The United Conservative Party (UCP) launched a review of Alberta’s fiscal situation by appointing a panel of experts. The Panel is to come up with a plan to balance the budget by fixing a deficit of 7 billion dollars. And Panel has been given tough marching orders! It must not propose tax increases. It is to “find ways to eliminate waste, duplication and non-essential spending to fund government’s key priorities.”
So, as to waste and duplication… the Chair of the Panel is Janice Mackinnon, she brings some cost cutting chops from her days – 25 years ago – in Saskatchewan. In a 2017 publication she laid out her recipe to address Alberta’s budget deficit:
- Establish spending targets benchmarked to other provinces.
- Constrain wage and salary costs of the public service.
- Restructure programs, particularly health care.
- Grow the economy through corporate tax reform.
The UCP platform contains a healthy dose of ‘supply side’ economic theory. That theory holds that lower taxes and deregulation will increase the supply of capital, jobs, and wealth creation.
So on the revenue side…. Bev Dalby, panel member from the University of Calgary believes high taxes stifle government revenue generation. There is a concept called the the “Laffer Curve”. This curve notionally identifies an optimal corporate tax level that stimulates growth and optimal tax revenue. But if taxes go higher, growth is inhibited. Because low taxes allow companies to grow and high taxes causes under-investment or a move to a more competitive jurisdiction.
The UCP will reduce corporate taxes over four years or sooner.
At the same time they commit to maintain the health care budget and capital plan. But no new taxes and no carbon tax revenue.
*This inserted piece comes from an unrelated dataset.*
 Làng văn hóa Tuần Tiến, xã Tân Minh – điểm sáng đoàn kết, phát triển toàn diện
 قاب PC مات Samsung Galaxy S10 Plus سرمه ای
This isn’t going to be easy!!!
- While it is helpful to benchmark spending in other jurisdictions; Alberta’s cost of living, and average wages are higher. Per capita government spending in Alberta is about $3,200 higher than Canada’s large provinces. ($800 -1,000 is health care). But health care savings are out of bounds.
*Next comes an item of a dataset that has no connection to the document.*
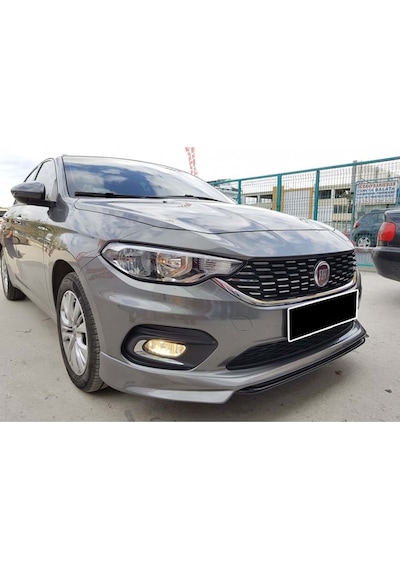 Fiat Egea Ön Tampon Eki Karlık 2015 Ve Üzeri Plastik Boyasız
- Thus the Panel could plan to bring the remaining 50% to an average of with other provinces. ($1,600 per capita or $6.9 billion) – that would magically eliminate the deficit! But wait! That means a reduction of the budget by 14% over the 3 years, with impacts to Education, Advanced Education and social programs. When you add in inflation and population growth, the reductions are deeper.
- For reference, the Klein era cuts which decimated public services were about 20% over a similar time frame.
- Constraining public sector costs won’t be any picnic either!
- The NDP pushed negotiations for major public sector unions out beyond the election, leaving a cost pressure pending. Here is what the UCP are up against:
- 7,000 non-union employees had salaries frozen since 2015.
- 23,000 provincial union workers wages were frozen to 2019.
- 10,000 physicians had fees frozen until March 2020.
- 28,000 nurses had wages frozen to March 2020.
- 19,000 health workers are frozen to 2019.
- 46,000 teachers have frozen wages frozen to 2019
Part of the solution the panel will seek is growing the revenue side
- The UCP platform proposed a reduction of corporate taxes as a stimulus for economic growth. There will be a short-term budget hit of about $400 million in 2020-21. And maybe the overall cost will be $1 billion.
- The hope is that corporate revenue will grow by an overall $1.2 billion by 2024. The UCP estimate 55,000 jobs will be created and $13 billion in GDP will be generated.
- But there is risk here. Of the roughly $60 billion in corporate capital investments annually, almost half ($27 billion) comes from the energy sector. If Canadian energy policy continues to scare away investment, the rosy estimations might not happen.
Severely Normal Albertans should commend the new government for establishing the Panel to help it take a hard look at the Alberta budget. But the UCP’s promises of tax cuts and commitments to maintain health care make the Panel’s work borderline impossible. It seems inevitable that large cuts in the public sector and services must be part of proposed solution. And on the revenue side, we should cross our fingers for the TransMountain pipeline, improved royalties and speedy economic growth.
But even if we can find more loaves and fishes through these measures; Alberta still relies on oil royalties to fund basic operations.
Solving that problem will have to wait for the next Panel!